Established in 1946 with an initial capital of just 190,000 yen (roughly Rs 119,500 or $1,685) and 20 employees, the Japanese technology giant has today grown into a colossus, with more than 117,300 employees and a market capital of $65.36 billion.  

In India, Sony has been facing rough weather across its segments, the worst affected, perhaps being its television business. Yet, the company’s managing director in India, Sunil Nayyar, is unfazed. “Sony is only talking about premium,” Nayyar, the first Indian to head the company’s India operations, told BW Businessworld recently. 

At one point, the major growth drivers for Sony India were its high-end Bravia televisions, the Vaio laptops and the Xperia hand phones, contributing to a whopping 70 per cent of its total revenue. After pulling out the smartphones and the laptops from the Indian market, Sony has over the last few years zeroed in on audio and digital imaging products. 

Nayyar said Sony is now focused only on the premium-end in India and is the largest brand in OLED and 4K HDR televisions, high-end headphones such as those with noise-cancelling features, party speakers, full-frame mirror-less cameras and lens segments. “We are going strong in our premium product portfolio and are bullish about it,” he said.  

The Indian arm of the Tokyo-based transnational now generates around 65 per cent of its revenue from the television segment, 15 per cent from audio, 10 per cent from camera and the remaining 10 per cent from other products. 

Sony Corporation expects its India operations to be its third-largest in the world in the coming decade.

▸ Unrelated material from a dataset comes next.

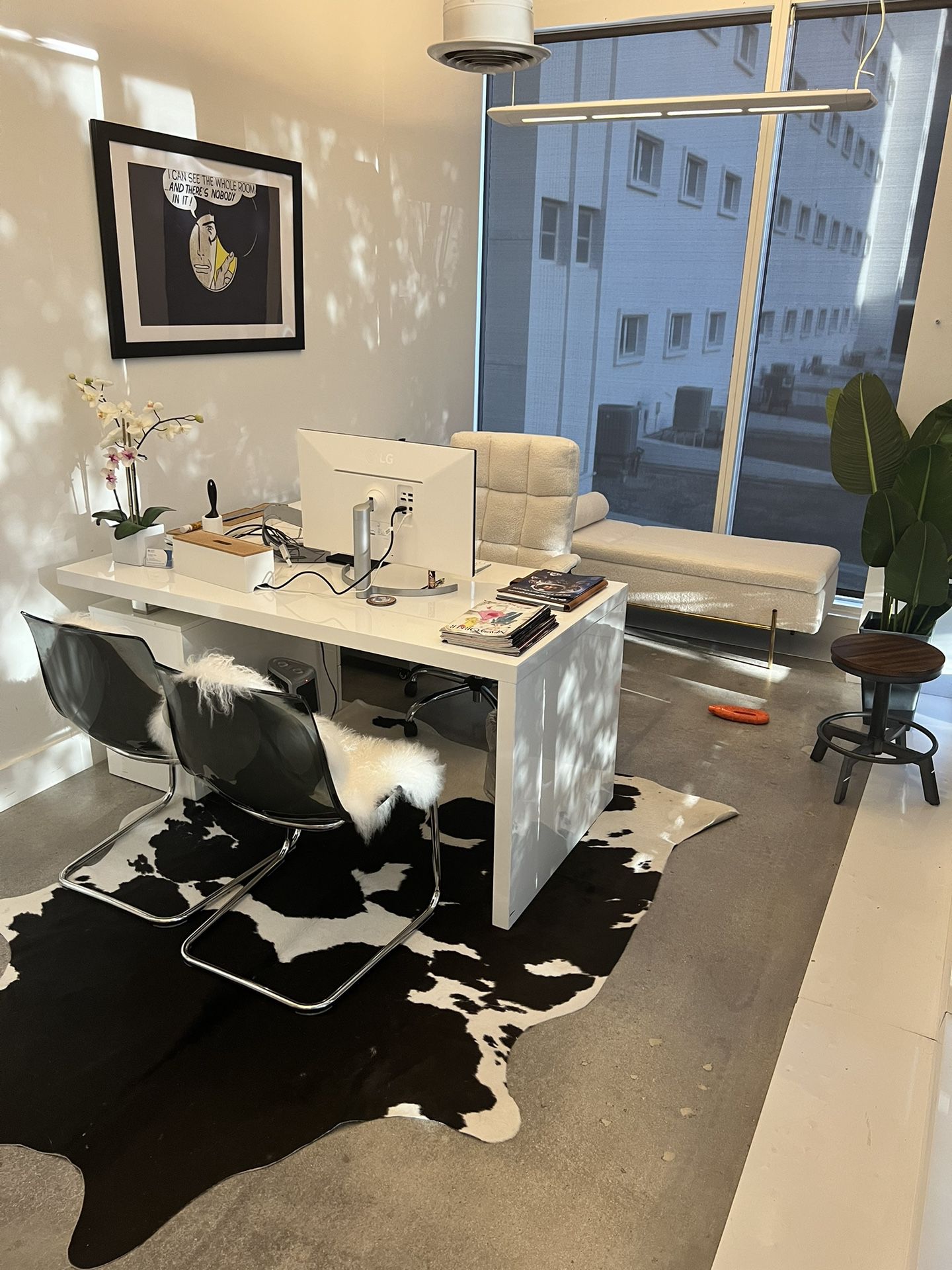 White Office Desk Modani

Sony India already oversees its fourth-largest market globally, which overtook its businesses in Brazil and Russia a few years back. India now trails behind the US, China and Japan in that order, in terms of global revenue. 

“India is currently the fourth largest contributor to global sales by value and remains a strategic and important market, given the favourable demographics and growing affluence of the middle class,” Nayyar said. No doubt Sony India’s business has been severely impacted, especially in the 32-inch television space. Nayyar, however, is extremely confident of market leadership. 

“The chunk of the market is competing for volumes near the bottom of this pyramid. However, there are a growing number of buyers looking for premium products, and we’re encouraged by market growth in the premium segment,” he said.  

Financial returns, however, are one among a range of parameters on which companies in India were assessed for the MRC rankings. The other parameters included ‘trustworthy leadership’, ‘corporate social responsibility’ and ‘work culture’. In India, Sony is involved in skilling the youth. Last September, it joined hands with the National Skills Development Corporation (NSDC) and Kedman Skilling to provide job opportunities to candidates from their future talent pool. 

“As a committed player towards employability development in India, we at Sony India are proud to partner with NSDC to provide job opportunities to Indian youth,” said Sanjay Bhatnagar, National Head-HR, CSR, Admin and Facilities, Ethics and Compliances at Sony India. 

In the days ahead, Sony aims to hire resources from the NSDC as associates across more than 150 tier-1, tier-2 and tier-3 cities around the country.